Types of estimates: point estimate and interval estimate.

Point estimate consists of a single figure predicting the parameter value. 

Interval estimate consists of a numerical range where the parameter is expected to fall with certain confidence.

Confidence coefficient is a probability that measures the reliability of any interval estimate.

Confidence level is the confidence expressed as a percentage.

Confidence interval is an interval estimate calculated with a specified confidence level.

Margin of error is a measure of the error of estimation that involves the given confidence level and sample size.

Precision of any confidence interval is associated with the width of the interval estimate. The precision is better as the margin of error is smaller.


 

Chapter 6: Hypothesis Testing (using a single sample)

 
Hypothesis Testing is the statistical procedure designed to test a claim about a population parameter based on the statistical evidence contained in a representative sample of the population.
 
Research hypothesis is a claim about a population parameter that can be tested using sample data.

Statistical hypotheses are the null and alternative hypotheses.

Alternative hypothesis (Ha) describes the research hypothesis of the problem.
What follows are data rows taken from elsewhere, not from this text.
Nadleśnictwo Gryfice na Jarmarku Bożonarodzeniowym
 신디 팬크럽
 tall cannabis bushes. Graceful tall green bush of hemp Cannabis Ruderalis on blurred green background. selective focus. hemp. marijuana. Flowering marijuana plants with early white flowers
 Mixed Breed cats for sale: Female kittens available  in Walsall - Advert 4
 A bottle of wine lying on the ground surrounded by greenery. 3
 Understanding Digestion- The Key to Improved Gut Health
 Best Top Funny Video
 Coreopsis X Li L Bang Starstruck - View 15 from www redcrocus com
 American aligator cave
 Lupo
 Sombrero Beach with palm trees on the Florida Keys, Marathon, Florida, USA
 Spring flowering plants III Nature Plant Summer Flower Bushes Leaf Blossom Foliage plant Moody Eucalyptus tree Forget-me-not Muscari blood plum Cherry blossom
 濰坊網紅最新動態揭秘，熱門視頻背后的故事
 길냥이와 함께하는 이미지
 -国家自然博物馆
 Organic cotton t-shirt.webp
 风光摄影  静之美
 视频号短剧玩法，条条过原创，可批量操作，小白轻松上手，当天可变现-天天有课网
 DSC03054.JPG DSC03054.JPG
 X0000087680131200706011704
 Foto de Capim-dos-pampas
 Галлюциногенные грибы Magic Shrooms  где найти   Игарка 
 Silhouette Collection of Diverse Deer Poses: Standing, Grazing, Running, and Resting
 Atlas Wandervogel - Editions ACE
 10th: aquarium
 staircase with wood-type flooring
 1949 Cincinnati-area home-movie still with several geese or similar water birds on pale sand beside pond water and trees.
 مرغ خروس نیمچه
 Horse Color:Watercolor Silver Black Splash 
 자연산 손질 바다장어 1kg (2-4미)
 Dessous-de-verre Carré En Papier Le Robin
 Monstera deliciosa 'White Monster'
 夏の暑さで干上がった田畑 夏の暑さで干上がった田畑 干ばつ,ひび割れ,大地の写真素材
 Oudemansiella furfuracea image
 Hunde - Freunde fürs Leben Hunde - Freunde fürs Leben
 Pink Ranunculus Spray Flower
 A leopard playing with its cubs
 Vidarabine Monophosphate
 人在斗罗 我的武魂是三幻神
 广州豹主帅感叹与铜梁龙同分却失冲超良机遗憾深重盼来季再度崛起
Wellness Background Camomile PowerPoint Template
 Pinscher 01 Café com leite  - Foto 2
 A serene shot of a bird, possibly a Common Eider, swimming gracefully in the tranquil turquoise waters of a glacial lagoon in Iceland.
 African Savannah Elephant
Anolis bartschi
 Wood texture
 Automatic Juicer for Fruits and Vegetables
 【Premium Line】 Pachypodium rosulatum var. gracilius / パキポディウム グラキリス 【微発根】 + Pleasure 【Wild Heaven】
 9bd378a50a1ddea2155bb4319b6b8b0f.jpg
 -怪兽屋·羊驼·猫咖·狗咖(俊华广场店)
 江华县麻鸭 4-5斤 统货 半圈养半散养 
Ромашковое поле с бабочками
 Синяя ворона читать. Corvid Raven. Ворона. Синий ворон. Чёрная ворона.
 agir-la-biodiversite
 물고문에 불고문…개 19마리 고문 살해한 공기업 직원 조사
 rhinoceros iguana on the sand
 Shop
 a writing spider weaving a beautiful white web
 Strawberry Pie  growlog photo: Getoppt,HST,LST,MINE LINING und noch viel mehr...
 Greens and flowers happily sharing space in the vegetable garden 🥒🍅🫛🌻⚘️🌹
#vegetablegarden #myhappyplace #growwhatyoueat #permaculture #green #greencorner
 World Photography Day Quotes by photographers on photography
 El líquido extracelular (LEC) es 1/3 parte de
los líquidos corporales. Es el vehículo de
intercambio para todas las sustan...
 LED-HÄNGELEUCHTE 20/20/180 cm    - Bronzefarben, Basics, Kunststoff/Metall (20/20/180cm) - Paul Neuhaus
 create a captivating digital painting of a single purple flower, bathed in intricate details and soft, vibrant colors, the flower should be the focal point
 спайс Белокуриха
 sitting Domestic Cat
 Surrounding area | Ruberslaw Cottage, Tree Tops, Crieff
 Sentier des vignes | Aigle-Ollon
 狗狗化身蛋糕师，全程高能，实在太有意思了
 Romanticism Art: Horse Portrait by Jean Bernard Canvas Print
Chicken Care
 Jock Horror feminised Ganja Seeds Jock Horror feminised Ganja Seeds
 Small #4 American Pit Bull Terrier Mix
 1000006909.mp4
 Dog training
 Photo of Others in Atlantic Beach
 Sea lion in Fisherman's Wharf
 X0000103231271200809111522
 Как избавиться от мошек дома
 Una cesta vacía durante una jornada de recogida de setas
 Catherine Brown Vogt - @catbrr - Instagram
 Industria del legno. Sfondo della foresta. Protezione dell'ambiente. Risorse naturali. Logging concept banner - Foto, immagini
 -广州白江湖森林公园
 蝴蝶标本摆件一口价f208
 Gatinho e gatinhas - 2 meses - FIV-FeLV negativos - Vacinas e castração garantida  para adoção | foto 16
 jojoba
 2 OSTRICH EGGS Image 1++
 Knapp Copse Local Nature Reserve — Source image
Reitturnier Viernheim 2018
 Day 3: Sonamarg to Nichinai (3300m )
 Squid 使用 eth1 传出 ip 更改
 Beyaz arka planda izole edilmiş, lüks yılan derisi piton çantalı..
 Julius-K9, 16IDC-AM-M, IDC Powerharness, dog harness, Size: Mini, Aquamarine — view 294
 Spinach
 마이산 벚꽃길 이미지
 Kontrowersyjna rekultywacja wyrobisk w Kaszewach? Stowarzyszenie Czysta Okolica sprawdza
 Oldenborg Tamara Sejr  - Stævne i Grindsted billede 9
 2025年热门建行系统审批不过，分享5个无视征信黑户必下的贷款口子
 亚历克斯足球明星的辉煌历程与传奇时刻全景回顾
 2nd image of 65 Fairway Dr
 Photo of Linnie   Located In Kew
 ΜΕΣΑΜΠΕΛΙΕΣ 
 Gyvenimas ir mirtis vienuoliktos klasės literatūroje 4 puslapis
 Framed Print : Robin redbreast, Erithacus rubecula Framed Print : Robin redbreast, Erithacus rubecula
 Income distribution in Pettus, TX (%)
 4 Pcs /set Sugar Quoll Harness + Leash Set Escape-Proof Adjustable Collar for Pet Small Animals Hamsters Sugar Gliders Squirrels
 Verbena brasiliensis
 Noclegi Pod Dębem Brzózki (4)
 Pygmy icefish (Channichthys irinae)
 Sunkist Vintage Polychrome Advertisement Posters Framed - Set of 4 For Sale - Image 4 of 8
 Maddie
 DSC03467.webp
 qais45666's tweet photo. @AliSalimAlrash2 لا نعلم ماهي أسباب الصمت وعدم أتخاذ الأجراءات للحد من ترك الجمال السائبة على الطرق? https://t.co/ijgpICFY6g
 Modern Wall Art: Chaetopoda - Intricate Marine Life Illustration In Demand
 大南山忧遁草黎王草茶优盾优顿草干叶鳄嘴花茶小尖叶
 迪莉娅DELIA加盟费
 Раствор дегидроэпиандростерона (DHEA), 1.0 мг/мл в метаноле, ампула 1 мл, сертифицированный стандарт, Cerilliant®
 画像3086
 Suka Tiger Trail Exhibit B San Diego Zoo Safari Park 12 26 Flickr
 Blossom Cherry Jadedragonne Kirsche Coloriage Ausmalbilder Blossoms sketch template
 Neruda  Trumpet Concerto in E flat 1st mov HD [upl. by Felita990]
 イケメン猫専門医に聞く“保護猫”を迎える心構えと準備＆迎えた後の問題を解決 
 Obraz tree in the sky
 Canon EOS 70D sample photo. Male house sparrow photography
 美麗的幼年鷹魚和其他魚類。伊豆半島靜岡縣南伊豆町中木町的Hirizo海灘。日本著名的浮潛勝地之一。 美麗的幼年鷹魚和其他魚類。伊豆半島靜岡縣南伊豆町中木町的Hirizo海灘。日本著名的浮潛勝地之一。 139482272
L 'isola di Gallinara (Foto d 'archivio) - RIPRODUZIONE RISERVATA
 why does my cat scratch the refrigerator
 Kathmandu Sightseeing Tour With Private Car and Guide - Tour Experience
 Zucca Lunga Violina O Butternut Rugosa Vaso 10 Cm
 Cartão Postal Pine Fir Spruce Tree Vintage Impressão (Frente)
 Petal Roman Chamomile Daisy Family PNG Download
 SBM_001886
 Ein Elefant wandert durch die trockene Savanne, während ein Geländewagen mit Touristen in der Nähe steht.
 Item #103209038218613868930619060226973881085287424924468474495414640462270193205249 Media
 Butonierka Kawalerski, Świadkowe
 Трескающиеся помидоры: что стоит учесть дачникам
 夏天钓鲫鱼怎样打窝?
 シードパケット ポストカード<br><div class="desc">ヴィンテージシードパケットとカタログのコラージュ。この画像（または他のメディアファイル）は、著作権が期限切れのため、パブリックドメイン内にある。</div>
It contains strict inequalities.

Null hypothesis (Ho) describes the opposite of the alternative hypothesis. The null hypothesis must contain the equality sign.
Test Statistic is a formula that summarizes the statistical evidence collected against the null hypothesis (or in favor of the alternative/research hypothesis).
Rejection region is the set of values of the test statistic indicating convincing evidence against Ho.
Type I error consists of rejecting the null hypothesis Ho when Ho is actually true.

Type II error consists of failing to reject Ho when Ho is actually false.
 
Alpha designates the probability of type I error. 

Beta designates the probability of type II error.

 
p-value is a probability that measures the strength of our case against Ho (that is, in favor of Ha). The p-value of any statistical test describes the observed probability of type I error.